Inspirado en los sueños de Mella, articulado a partir de las múltiples experiencias acumuladas en la educación superior cubana y en la de otros países por sus promotores, el proyecto maduró en medio de duras confrontaciones ideológicas libradas en el país que tuvieron su reflejo en las aulas y en los espacios públicos de la academia. En esa compleja coyuntura, la deserción de una parte significativa de los claustros representó el intento de pulverizar la idea en proceso de germinación. Como suele suceder cuando una revolución es auténtica, el propósito fracasó. El vacío fue cubierto por especialistas calificados, marginados hasta entonces de la docencia universitaria. Muchos recuerdan con nostalgia la excepcional conjunción de saberes y talentos que convergió en aquellos días, entusiasmados todos ante la posibilidad de construir con el corazón y la inteligencia, la universidad que el país necesitaba. Algunos procedían de las varias tradiciones de la izquierda cubana. Otros entregaron sus vidas a la tarea, deslumbrados por poder participar en la cristalización de sueños postergados.

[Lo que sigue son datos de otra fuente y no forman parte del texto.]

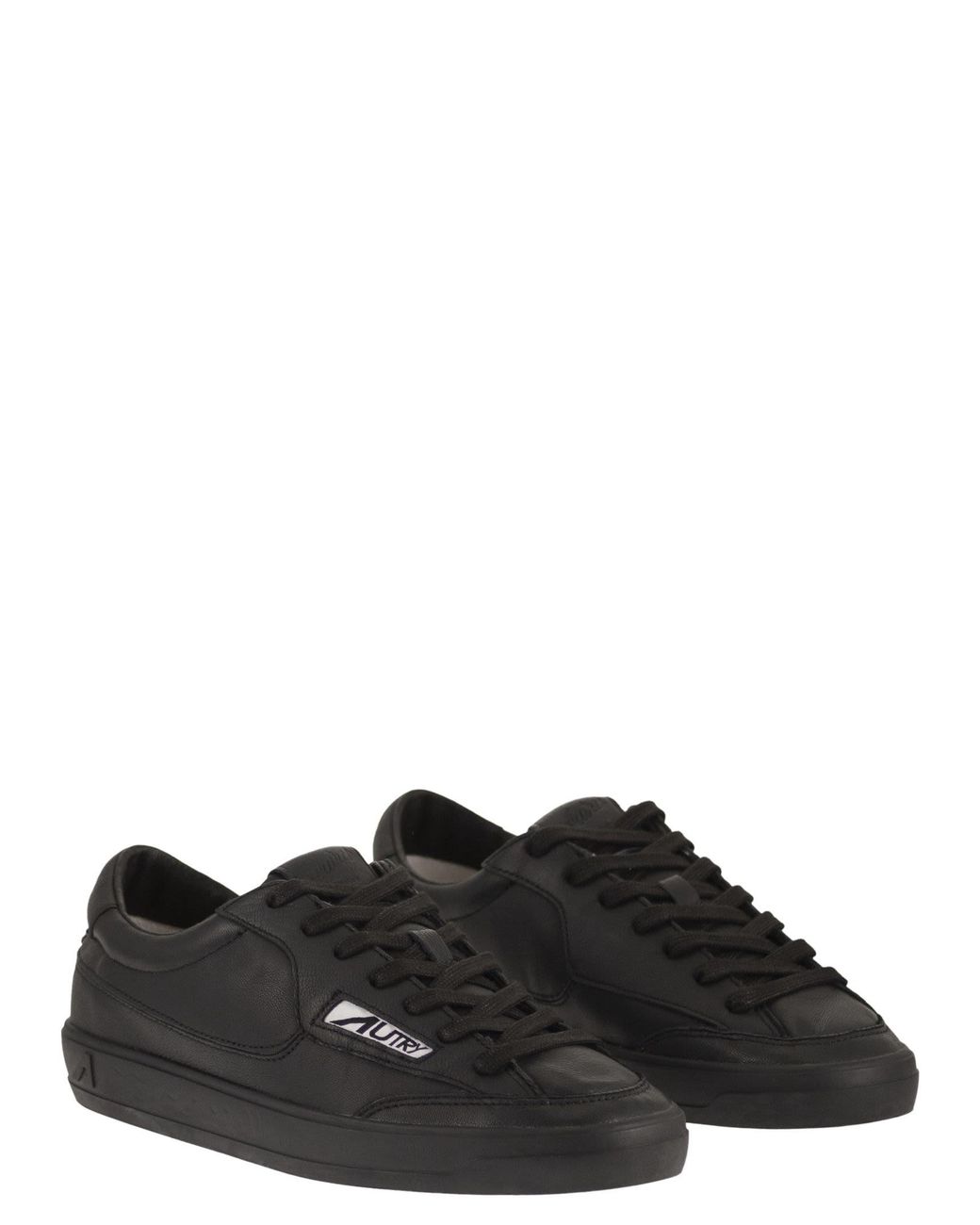 Autry Black Windscape Low for men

Dotado de la flexibilidad necesaria, el plan establecía lineamientos estratégicos fundamentales. La implementación, según las especificidades de cada área, correspondía a los claustros y, en particular, a sus comisiones de docencia. Se produjo de inmediato una democratización del acceso a la educación superior.

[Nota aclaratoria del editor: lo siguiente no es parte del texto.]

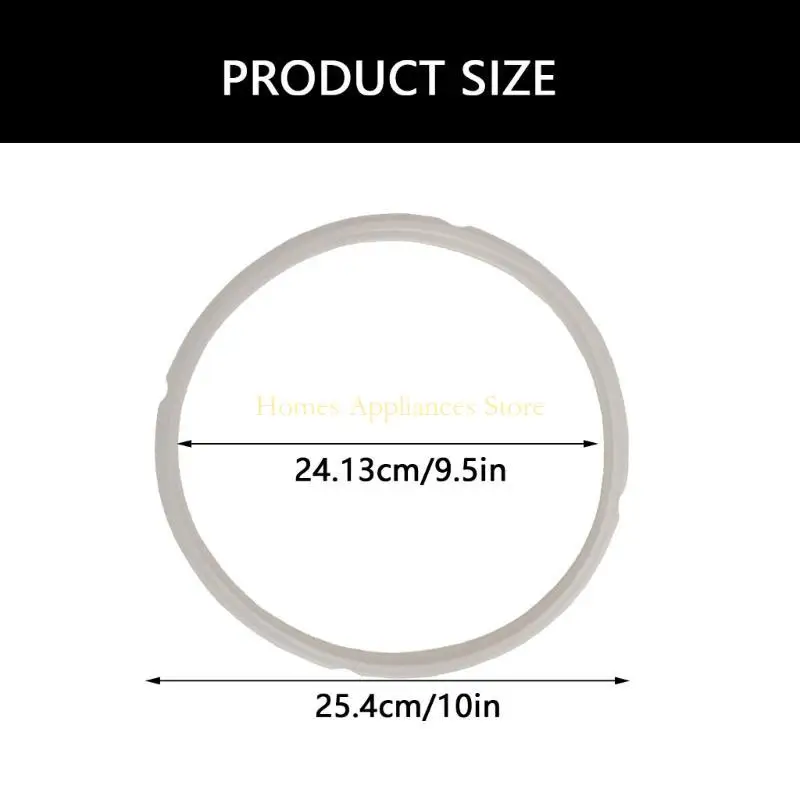 D0AB 3 упаковки силиконовой прокладки кольца легко устанавливает уплотнительные кольца.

Sin dejar de atender la demanda social, investigación y docencia se interrelacionaron desde la base e integraron a estudiantes y profesores. La enseñanza dejaba de ser mera reproductora de información acumulada para convertirse en aprendizaje creativo. Así se formaron profesionales calificados que sustituyeron y multiplicaron el cuerpo anémico de especialistas existentes al triunfo de la Revolución. La Universidad de La Habana fue matriz generadora de otros centros de educación superior y de institutos científicos de brillante ejecutoria.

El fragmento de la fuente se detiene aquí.